When we play games, we keep score because we want to know how we did. That’s part of the fun.
Organizations pay us to play for them. There’s a lot at stake, so we often feel uneasy about how well we’ll score.
That’s because we don’t know:
- what we’re really expected to achieve
- how we’re being measured
The good news is that we can fix this.
Set yourself up to win!
Goals have to be written or you and your boss will keep revising them in your heads until they fit whatever you’ve done or not done. This can set you up for a big goose egg.
Goals have to state what you’re accountable for delivering. Yes, this is about getting stuff done that you can measure and/or see. No smoke…no mirrors.
Goals need to cover work beyond your job routines. They are about stretching, differentiating, and setting you up for growth.
Goals need to demonstrate that you “get” the business that you’re in and the impact that you’re positioned to make.
Write them right.
You should know, all year long, how you’re doing on your goals by the way they’re written. You can only do that if your goal statements are measurable and/or observable. Try to write at least one for every business category you impact.
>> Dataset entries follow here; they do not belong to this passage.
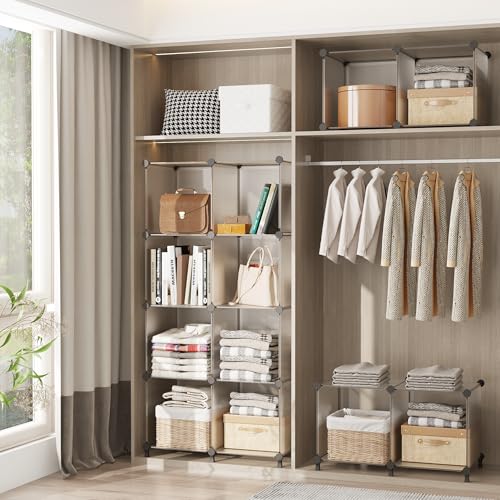AWTATOS Cube Storage Organizer, Closet Organizers, 6 Cube Shelf, Clear - color: Translucent Twill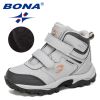 BONA 2020 New Designers Plush Snow Boots Children Sport Sneakers Terkking Boots Kids Hiking Mountain Climbing Camping Footwear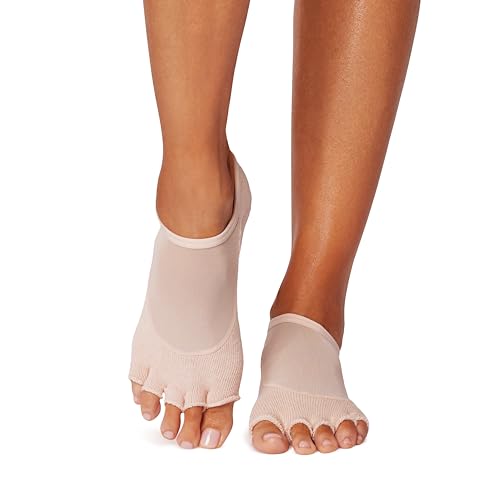 Image of toesox Luna Grip Socks Pilates Half Toe - Yoga Socks Non Slip for Barre, Ballet, Dance & Studio Workouts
Here are examples of “sweet” year-end goals you’d want compared to “stinky” ones you don’t:
- Sweet—Reduce administrative expenses by 15%
- Stinky—Improve cash flow and reduce expenses
- Sweet—Reduce cycle time to bring new products to market by 60 days
- Stinky—Process paperless claims promptly and effectively
- Sweet—Achieve an average rating of “very good” on the annual customer satisfaction survey
- Stinky—Ensure satisfied investors
- Sweet—Increase employee availability by 5%
- Stinky—Improve employee morale
Sometimes we have jobs or assignments where we rely on others to deliver on the goal’s we’re accountable for. In those situations, our goal statement might be:
- Sweet—Provide leadership to ensure the successful testing and implementation of the new human resources compensation system on budget by Jun 30, 20__
- Stinky—Implement a compensation management system in HR
Make it a game with yourself!
I write personal business goals every year that keep me focused and track my progress. Last year my stretch goals were on social media, an area where I was a bumbling neophyte.
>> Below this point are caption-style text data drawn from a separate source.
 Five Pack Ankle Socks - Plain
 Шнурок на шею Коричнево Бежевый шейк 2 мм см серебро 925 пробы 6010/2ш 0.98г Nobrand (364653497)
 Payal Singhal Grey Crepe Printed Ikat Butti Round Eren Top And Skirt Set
My goal was to: Increase visibility on social media to build my network by:
- Writing a minimum of 104 blog posts –exceeded
- Attaining a minimum of 600 career/business Twitter followers—exceeded
- Increasing my fan pages “likes” to 200 each—exceeded
- Increasing my Linkedin followers to 250—exceeded
- Utilizing video to share information—not attained
- Learning about podcasting—not attained
Since I had no idea about social media’s power, the subgoals, which were exceeded, really aren’t where I now know I can take them, so I’ll ratchet them up for 2011.
For two subgoals, I didn’t deliver at all. (See what happens when you don’t create a metric for scorekeeping!) I’ll need to decide if I want to carry those goals over to 2011 and, if so, make a “scorable” commitment.
If I hadn’t written these goals down, I’d have no real basis for assessing my progress or goals for moving forward.
Your goals are one way to take control of your career. If your boss suggests stinky goals statements, offer to rewrite sweet ones so you both can keep score. It will set you apart and demonstrate your willingness to be accountable, a real career differentiator that will never fail you. So now, you’re up. Swing for the seats!
What have been your experiences with goal-setting? Any tips to add? Thanks.